Landslide Detection on Earthen Levees with X-band and L-band Radar Data
Dabbiru, L., Aanstoos, J.V., Hasan, K., Younan, N. H., & Li, W. (2013). Landslide Detection on Earthen Levees with X-band and L-band Radar Data. 2013 IEEE Applied Imagery Pattern Recognition Workshop. Washington, DC: IEEE. DOI:10.1109/AIPR.2013.6749306.

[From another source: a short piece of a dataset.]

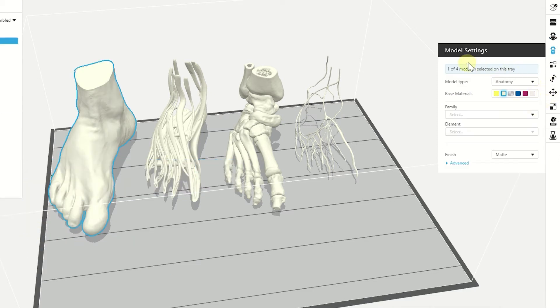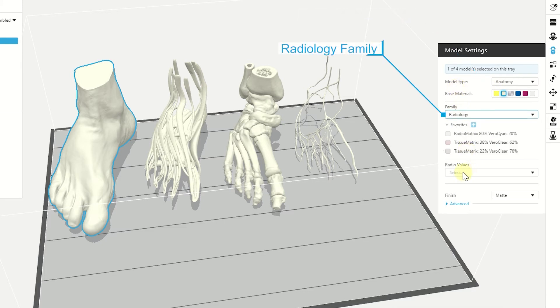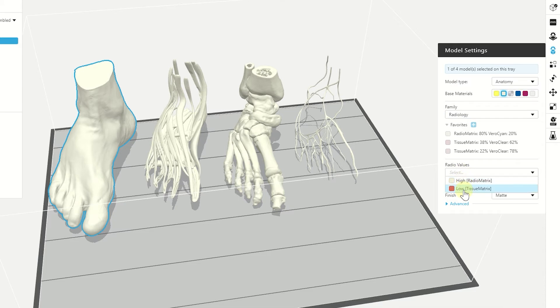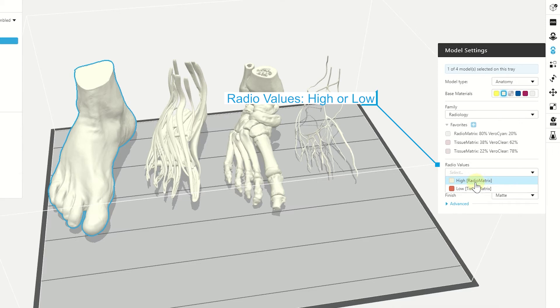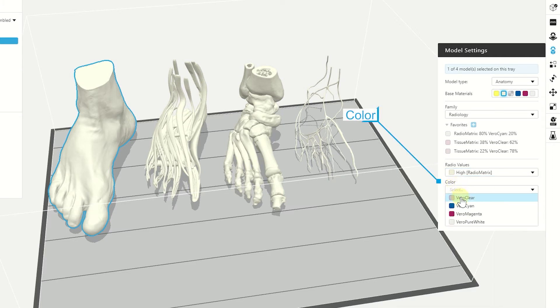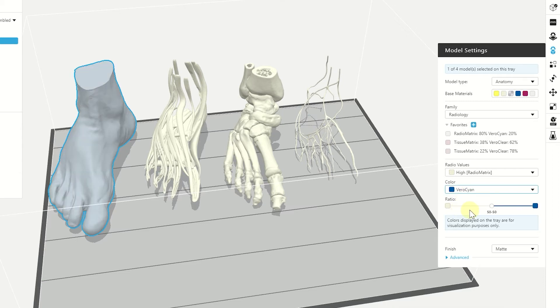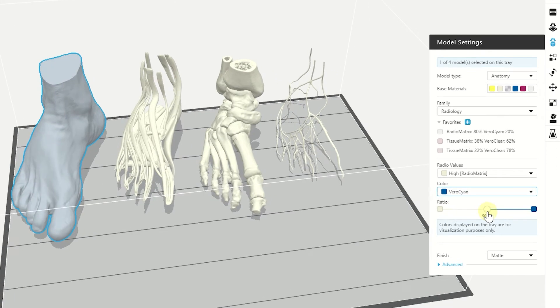So we will go to the model settings and choose anatomy model type. The family will be Radiology and we have two different radio values. We have high which is mixture of radiomatrix and low which is mixture of tissue matrix. Then we need to pick a color. That's the material that we want to mix with the radiomatrix. So it can be either one of the Vero family or bone matrix. So let's just choose Vero cyan.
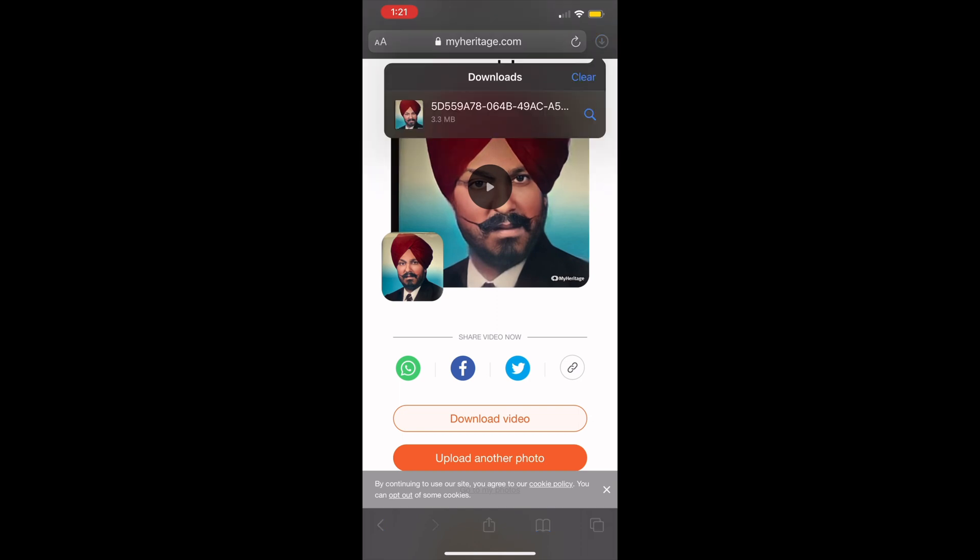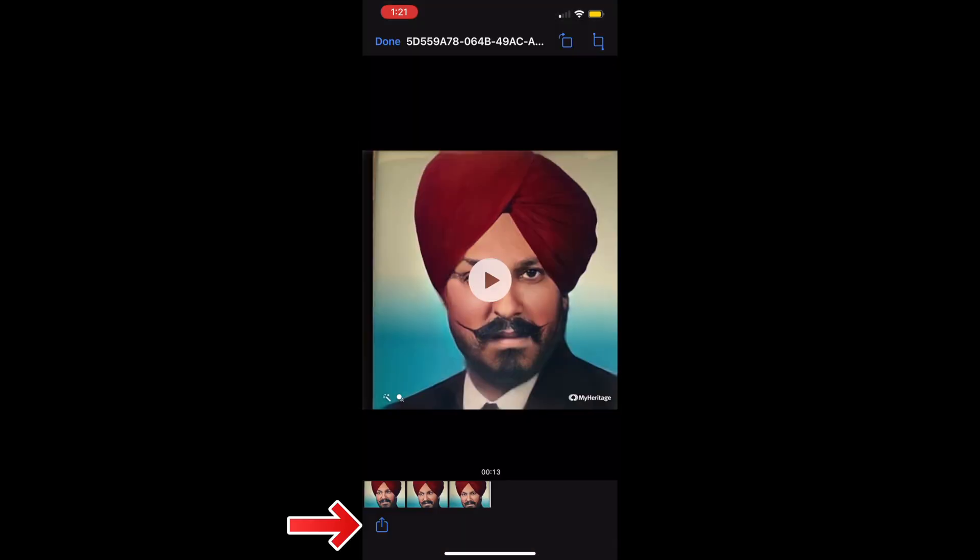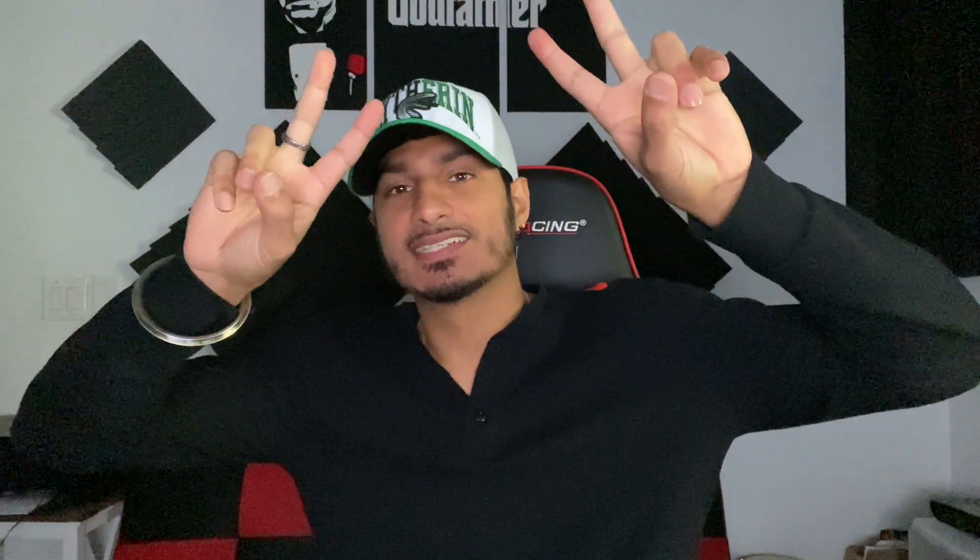I hope this video helped, and if it did please like, share, and subscribe — that'd be greatly appreciated. Tag me in your videos so I can see them myself. Have a great day!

This paper explores anomaly detection algorithms to detect vulnerabilities on Mississippi river levees using remotely sensed Synthetic Aperture Radar (SAR) data. Earthen levees protect large areas of populated and cultivated land in the United States. One sign of potential levee failure is the occurrence of landslides due to slope instabilities. Such slides could lead to further erosion and through seepage during high water events. This research seeks to design a system that is capable of performing automated target recognition tasks using radar data to detect problem areas on earthen levees. Polarimetric SAR data is effective for detecting such phenomena. In this research, we analyze the ability of different polarization channels in detecting landslides with different frequency bands of synthetic aperture radar data using anomaly detection algorithms. The two SAR datasets used in this study are: (1) the X-band satellite-based radar data from DLR's TerraSAR-X satellite, and (2) the L-band airborne radar data from NASA's Uninhabited Aerial Vehicle Synthetic Aperture Radar (UAVSAR). The RX anomaly detector, an unsupervised classification algorithm, was implemented to detect anomalies on the levee. The discrete wavelet transform (DWT) is used for feature extraction. The algorithm was tested with both the L-band and X-band SAR data and the results demonstrate that landslide detection using L-band radar data has better accuracy compared to the X-band data based on the detection of true positives.